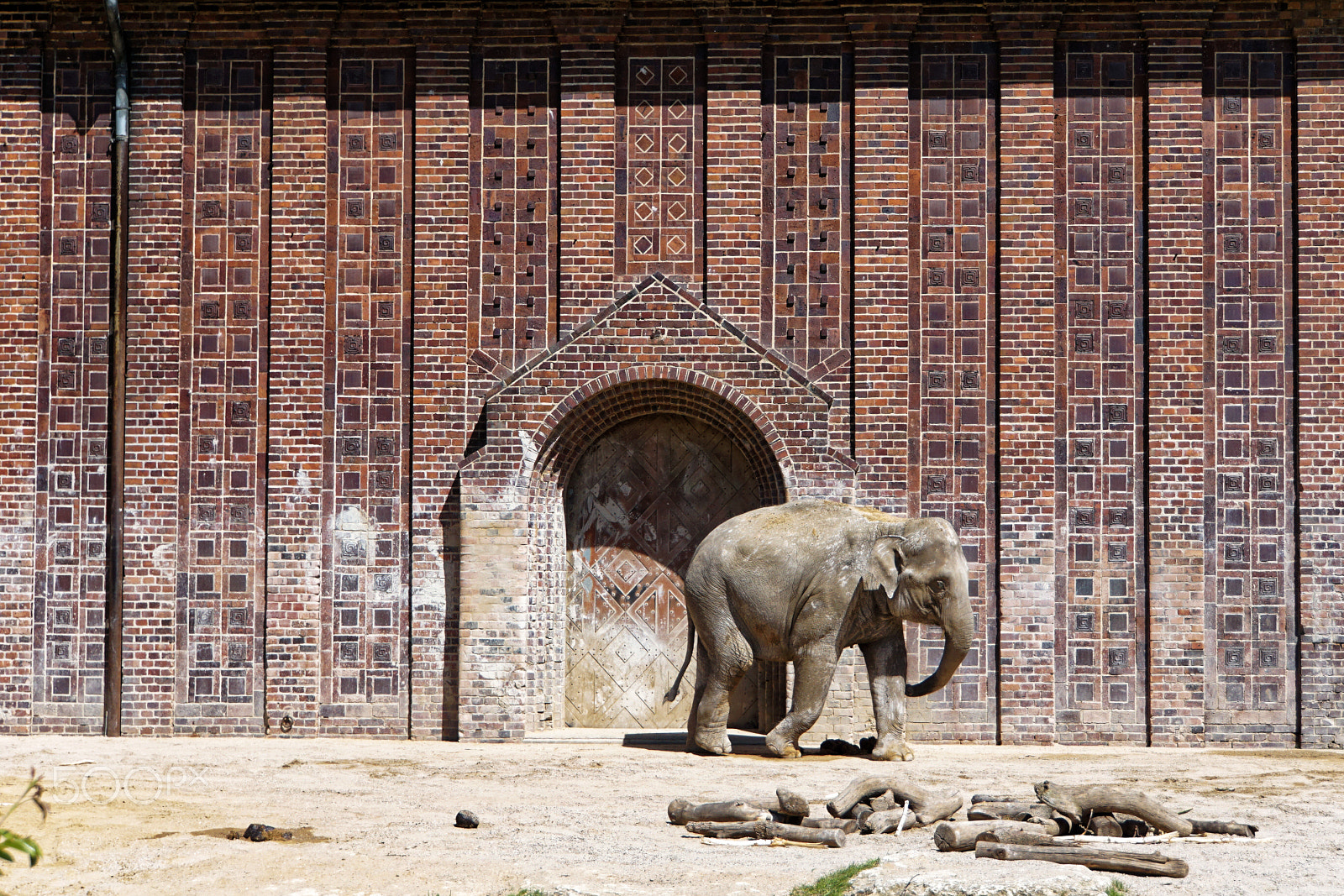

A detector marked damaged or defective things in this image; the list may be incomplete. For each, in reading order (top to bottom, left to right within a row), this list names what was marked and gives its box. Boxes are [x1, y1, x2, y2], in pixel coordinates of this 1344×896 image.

broken stick [822, 778, 962, 827]
broken stick [1032, 778, 1193, 838]
broken stick [688, 822, 843, 849]
broken stick [978, 843, 1188, 881]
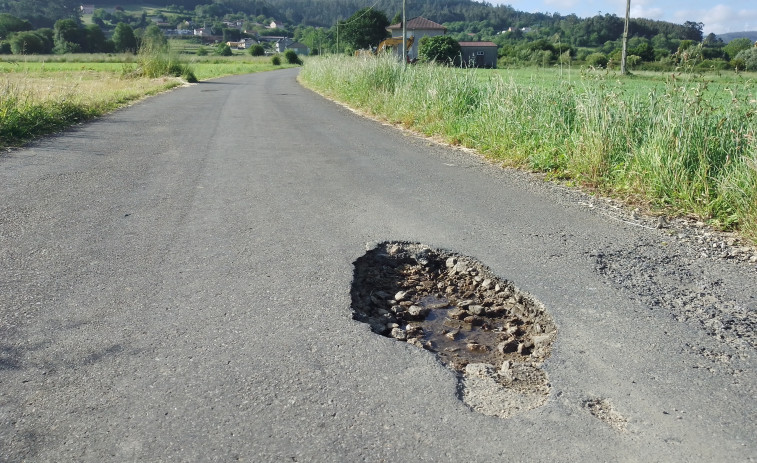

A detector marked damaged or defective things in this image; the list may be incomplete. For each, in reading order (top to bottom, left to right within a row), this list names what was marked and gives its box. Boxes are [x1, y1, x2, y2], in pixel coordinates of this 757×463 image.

loose stone in pothole [350, 241, 556, 418]
water in pothole [350, 241, 556, 418]
pothole [352, 241, 560, 418]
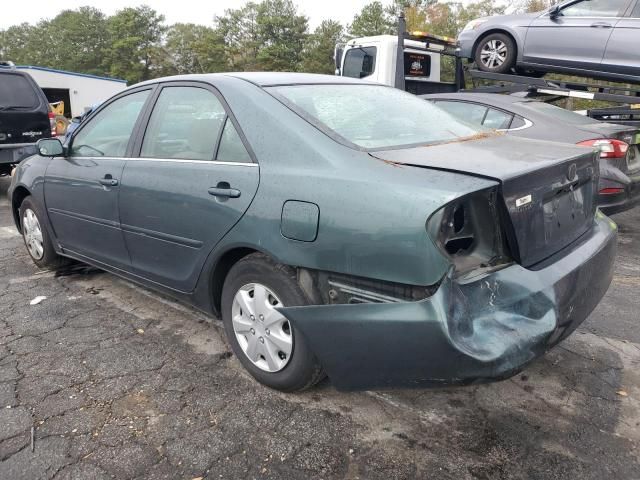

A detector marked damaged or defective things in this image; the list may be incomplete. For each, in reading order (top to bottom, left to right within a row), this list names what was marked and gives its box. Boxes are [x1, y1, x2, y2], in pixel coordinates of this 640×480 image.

damaged green sedan [8, 73, 616, 392]
rear collision damage [278, 137, 616, 392]
crumpled bumper [282, 215, 620, 390]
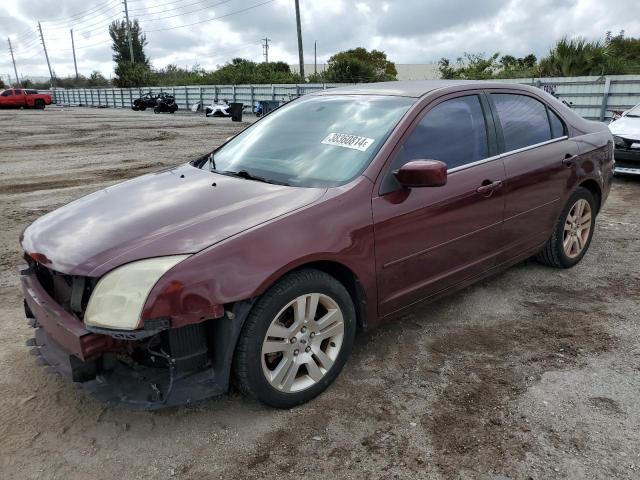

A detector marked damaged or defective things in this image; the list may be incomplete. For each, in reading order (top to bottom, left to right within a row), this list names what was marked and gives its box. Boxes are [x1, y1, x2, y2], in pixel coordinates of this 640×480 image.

damaged front bumper [20, 260, 245, 410]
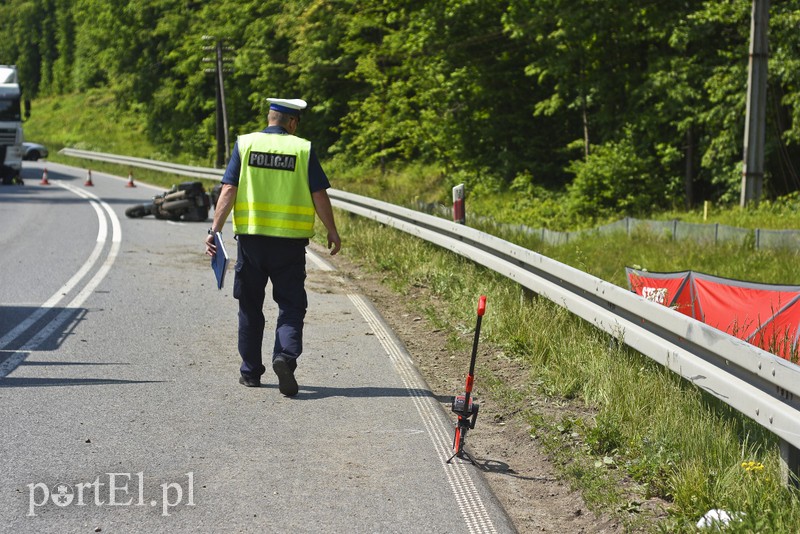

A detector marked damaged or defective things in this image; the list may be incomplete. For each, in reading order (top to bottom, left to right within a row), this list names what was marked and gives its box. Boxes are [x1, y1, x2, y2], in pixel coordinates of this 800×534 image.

crashed motorcycle [124, 181, 209, 221]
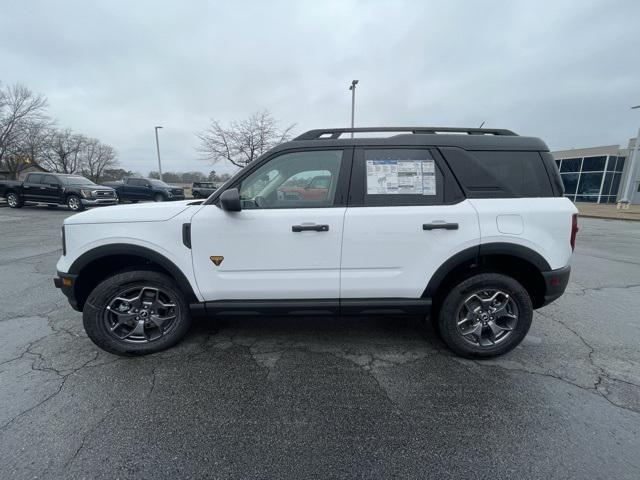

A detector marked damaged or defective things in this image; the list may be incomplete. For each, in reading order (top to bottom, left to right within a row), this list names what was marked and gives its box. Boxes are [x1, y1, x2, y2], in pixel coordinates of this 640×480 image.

cracked pavement [0, 207, 636, 480]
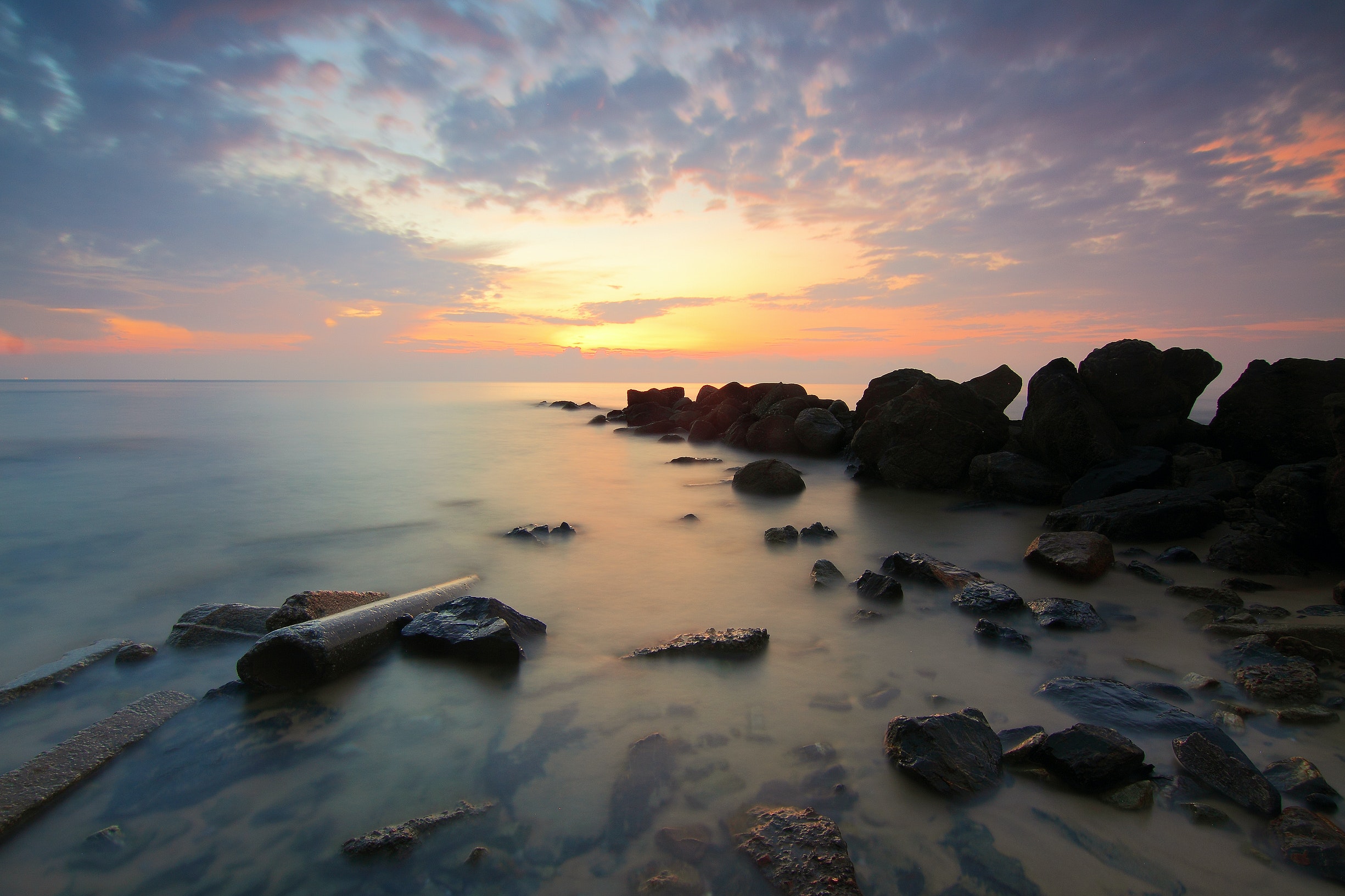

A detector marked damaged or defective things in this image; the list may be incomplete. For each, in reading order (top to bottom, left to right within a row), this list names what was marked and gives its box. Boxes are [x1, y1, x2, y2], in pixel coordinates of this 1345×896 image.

rusted pipe [236, 575, 479, 694]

※ ※ ※

**What you are asked to do:**
Look above for the line containing "this 1345×896 image."; reproduce it and every line after it through the end of the material, exactly, and nothing else.

**Output:**
A detector marked damaged or defective things in this image; the list may be incomplete. For each, in reading order (top to bottom, left to right within a row), this list names what was marked and gives its box. Boxes are [x1, y1, x2, y2], in pixel coordinates of this 1345×896 image.

rusted pipe [236, 575, 479, 694]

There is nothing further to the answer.